The board has several options, as proposed in the risk management policy.
“Firstly, buying back units, which means you’re basically back on a track similar to redeeming shares. So how much do you gain from TAF?
“Secondly, introducing dividend reinvestment. Great, but you don’t need TAF for that!
“Thirdly, reducing the transfer limit, which requires members to buy back a portion of their shares: I’m not sure if that would really work in practice.
“Fourthly, issuing shares, to farmers presumably. Does that mean raising the limit on dry shares? Doesn’t that mean we’re further down the sliding slope then?
“Fifthly, altering the constitution to allow more than 20% in the fund. Is that what a ‘preferred option’ – to be recommended at a ‘special meeting’ for shareholders – could also be about? That, again, is risky.”
Van Bekkum says he would solve Fonterra’s valuation problem without introducing dry shares.
“The restricted share value was a step in the right direction.”

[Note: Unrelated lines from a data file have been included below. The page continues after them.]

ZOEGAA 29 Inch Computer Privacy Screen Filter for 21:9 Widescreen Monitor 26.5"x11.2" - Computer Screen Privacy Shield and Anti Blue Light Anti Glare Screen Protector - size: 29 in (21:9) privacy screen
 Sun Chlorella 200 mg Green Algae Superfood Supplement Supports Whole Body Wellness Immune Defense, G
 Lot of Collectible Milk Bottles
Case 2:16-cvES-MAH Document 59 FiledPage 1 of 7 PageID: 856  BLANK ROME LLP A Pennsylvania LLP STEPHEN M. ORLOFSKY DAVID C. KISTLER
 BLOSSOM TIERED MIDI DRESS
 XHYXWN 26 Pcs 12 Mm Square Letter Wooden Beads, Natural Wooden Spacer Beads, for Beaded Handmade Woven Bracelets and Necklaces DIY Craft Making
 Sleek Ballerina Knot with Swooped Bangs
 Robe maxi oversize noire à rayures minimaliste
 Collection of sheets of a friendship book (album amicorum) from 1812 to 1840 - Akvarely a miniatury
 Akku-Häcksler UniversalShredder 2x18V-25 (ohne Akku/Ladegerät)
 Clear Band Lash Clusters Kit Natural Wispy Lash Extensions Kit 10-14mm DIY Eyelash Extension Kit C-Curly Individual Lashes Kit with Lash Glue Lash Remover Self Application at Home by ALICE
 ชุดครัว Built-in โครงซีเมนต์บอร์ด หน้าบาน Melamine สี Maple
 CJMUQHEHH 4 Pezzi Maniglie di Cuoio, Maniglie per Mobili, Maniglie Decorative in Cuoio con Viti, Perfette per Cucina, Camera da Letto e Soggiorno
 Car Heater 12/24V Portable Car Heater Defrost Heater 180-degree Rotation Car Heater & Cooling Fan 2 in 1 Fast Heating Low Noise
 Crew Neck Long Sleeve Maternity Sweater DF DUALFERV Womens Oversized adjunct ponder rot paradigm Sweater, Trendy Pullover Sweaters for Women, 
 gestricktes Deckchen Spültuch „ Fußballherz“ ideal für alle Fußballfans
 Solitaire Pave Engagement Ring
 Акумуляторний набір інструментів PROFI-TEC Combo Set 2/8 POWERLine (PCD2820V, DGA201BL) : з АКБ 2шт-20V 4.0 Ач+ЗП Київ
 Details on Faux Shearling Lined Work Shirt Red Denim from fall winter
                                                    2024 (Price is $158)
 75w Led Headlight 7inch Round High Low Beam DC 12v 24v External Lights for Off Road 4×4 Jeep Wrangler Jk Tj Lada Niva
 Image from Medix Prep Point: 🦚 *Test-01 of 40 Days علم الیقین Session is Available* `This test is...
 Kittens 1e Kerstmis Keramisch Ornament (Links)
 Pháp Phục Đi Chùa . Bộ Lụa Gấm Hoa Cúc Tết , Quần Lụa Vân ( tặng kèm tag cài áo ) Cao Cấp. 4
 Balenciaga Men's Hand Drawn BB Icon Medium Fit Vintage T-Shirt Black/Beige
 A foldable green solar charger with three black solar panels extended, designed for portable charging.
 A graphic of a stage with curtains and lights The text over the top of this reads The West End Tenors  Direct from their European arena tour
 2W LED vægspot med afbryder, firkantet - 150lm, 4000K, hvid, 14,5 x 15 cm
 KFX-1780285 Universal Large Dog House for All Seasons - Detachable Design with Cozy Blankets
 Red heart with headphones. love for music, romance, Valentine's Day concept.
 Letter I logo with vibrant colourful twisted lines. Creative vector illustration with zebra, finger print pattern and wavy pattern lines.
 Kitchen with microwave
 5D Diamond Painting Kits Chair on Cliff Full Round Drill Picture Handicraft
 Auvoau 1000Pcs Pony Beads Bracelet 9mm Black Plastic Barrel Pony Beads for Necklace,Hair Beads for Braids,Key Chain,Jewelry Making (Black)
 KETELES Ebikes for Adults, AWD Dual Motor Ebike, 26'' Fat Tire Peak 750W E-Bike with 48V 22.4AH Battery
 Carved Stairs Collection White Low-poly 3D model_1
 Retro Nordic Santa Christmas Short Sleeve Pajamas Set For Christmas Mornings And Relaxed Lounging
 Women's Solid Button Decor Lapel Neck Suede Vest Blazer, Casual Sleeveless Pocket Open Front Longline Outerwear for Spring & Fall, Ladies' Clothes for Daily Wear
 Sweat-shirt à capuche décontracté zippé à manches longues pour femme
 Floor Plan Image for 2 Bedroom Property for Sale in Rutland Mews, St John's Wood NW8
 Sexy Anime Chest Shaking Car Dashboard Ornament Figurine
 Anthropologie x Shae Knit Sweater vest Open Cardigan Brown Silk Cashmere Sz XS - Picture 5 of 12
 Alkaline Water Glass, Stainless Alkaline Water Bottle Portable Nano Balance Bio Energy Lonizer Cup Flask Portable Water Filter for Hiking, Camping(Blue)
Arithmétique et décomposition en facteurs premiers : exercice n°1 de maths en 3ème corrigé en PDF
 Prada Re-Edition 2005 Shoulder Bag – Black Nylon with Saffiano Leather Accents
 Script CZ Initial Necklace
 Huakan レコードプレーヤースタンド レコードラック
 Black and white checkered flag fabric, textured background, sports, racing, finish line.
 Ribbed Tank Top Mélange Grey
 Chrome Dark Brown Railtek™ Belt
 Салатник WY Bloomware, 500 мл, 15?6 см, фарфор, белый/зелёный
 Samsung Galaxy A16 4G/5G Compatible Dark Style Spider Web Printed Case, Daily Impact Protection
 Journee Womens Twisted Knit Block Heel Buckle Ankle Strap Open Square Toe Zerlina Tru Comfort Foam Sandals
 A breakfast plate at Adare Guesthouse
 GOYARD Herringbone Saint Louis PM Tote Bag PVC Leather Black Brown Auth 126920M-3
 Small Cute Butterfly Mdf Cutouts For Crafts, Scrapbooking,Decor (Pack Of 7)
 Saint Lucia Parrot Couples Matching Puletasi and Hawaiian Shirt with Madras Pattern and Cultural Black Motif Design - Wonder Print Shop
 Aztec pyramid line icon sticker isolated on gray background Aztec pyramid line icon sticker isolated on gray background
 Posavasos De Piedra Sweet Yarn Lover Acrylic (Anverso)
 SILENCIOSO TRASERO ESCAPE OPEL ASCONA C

End-of-season transaction, a rolling three season-average production/share requirement, and three years to buy in/out all make sense, as does dividend reinvestment.
The fact that reducing share value to the restricted figure of $4.52/share from its $6.79 peak passed without uproar from farmers is a positive sign that shareholders, in general, are not overly focused on share value, he says.
“As the leadership has begun to see, the basis of any strong capital base is retained earnings. I think these are sufficient ingredients for a robust capital structure. I would be inclined to think you might not really need TAF.”
As for redemption risk, TAF effectively passes it to farmers.
“I think it’s not fair simply to pass that burden on to farmers’ shoulders. It’s not particularly cooperative. It’s amazing that farmers just accept that without discussion.”